There’s a vertical finger crack running up between two large cement pillars supporting the new Clyde River bridge at Batemans Bay. I had looked at them when cycling around the Bay a number of times and wondered if, like the Wide Boyz, I should start climbing urban cracks. I’ve never been a crack climber, the techniques, apart from jamming body parts in cracks, as mysterious as how electricity works to me, but the Wide Boyz make all cracks look easy, even the cellar cracks. It wasn’t easy, I couldn’t work it out. I got about a foot off the ground and that was using ripples in the cement for feet. “Needs work, perhaps some technique is missing,” I thought, jumping back on my bike and riding over to the north side of the bridge.
In running shoes, I sent the two problems on the biggest boulder at the new park, and cycled on to Cullendulla where I thought I might, but likely not as the tide was high, be able to cycle along the Cullendulla Nature Reserve track. When I got there, the beach was gone, as were most of the last remaining row of she-oaks along the shore line. Seven years ago, when we first moved to the Bay, there were lovely stands of she-oaks along the beach, but they have all toppled over, felled by storms and big tides.

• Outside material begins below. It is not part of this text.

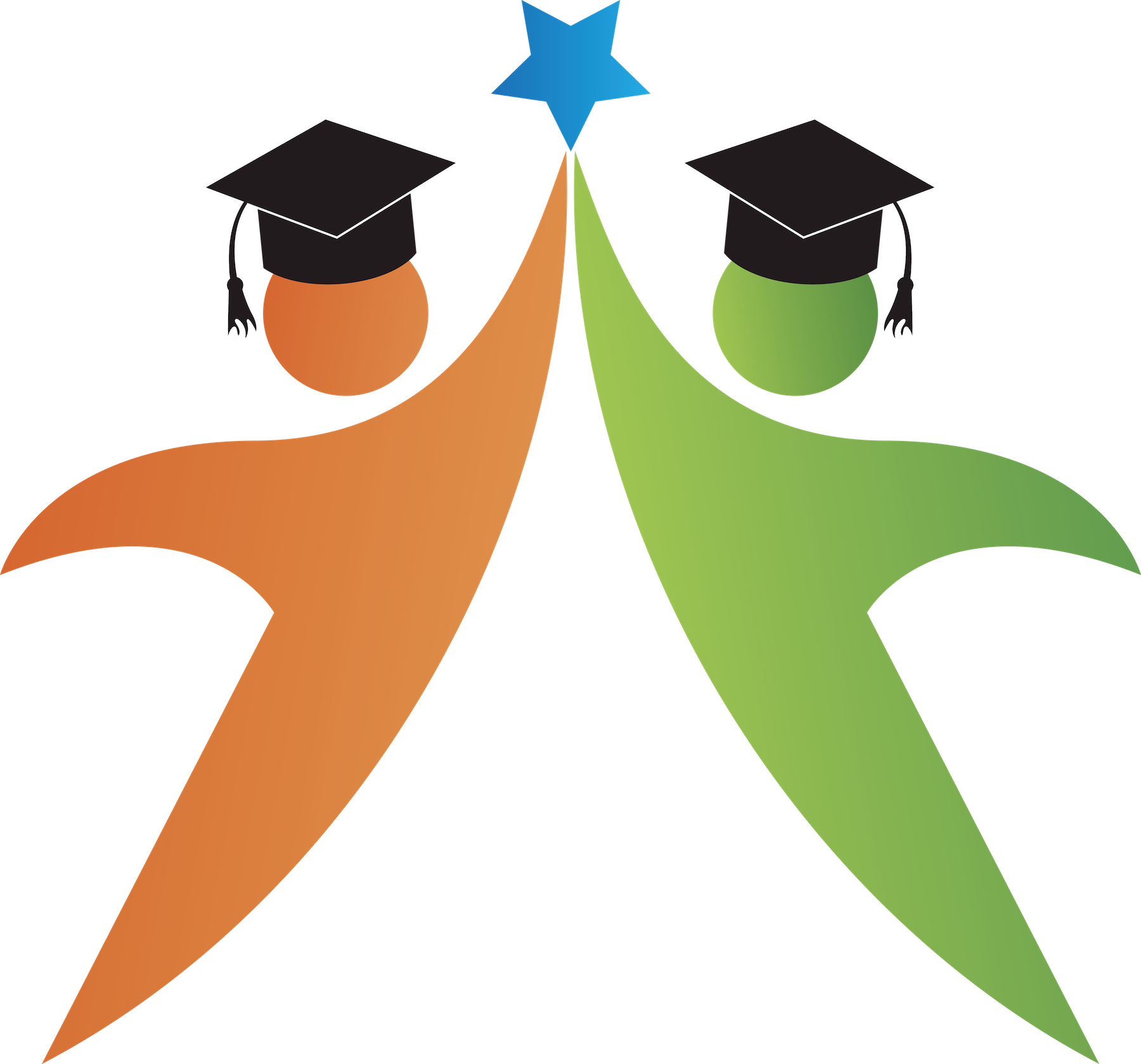 Logo Design For School (1800x1679), Png Download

It’s inevitable, the landscape changes regardless of the hubris of humans who believe they can control the weather and tides.
I managed to drag my bike through a bunch of toppled tea-trees to far end of the “new” but now failed/never finished resort that was being built on this low lying, mangrove surrounded piece of land. The “glamping tents” built right against the shore, were all abandoned and the sea had clearly run far under their raised platforms. This was one of those farcical developments which you just can’t believe someone thought was a good idea and an entire committee of other elected individuals thought they should approve. At high tides, anyone staying in the “glamping” villas would have to wade through sea water to get out of their villas. Nothing says five star like putting your wellies on to walk to the cafe. It was no surprise to find the sign on the development indicating the “mortagee was in possession.” Shocker.
Back across the bridge, where the view to the Tollgate Islands is really quite spectacular, Purple Pingers had obviously been along as the pavement was decorated with the slogan “Landlords are Parasites.” Socialists, of course, need vacations too. Unfortunately, dragging my bike through the toppled bushes had caused a problem with the dropper post and I found myself having to ride home either sat on a too low seat with my knees around my ears or standing up. This reminded me of a long ago trip on the old BNR railway that ran from Salmo to Nelson when, not quite half way through a 50 kilometre bicycle ride my seat post snapped and I had to ride the final 30 kilometres with no bike seat. Lots of fun. I had the pannier carrier on the back of the bike imprinted on my arse by the time I finished the ride.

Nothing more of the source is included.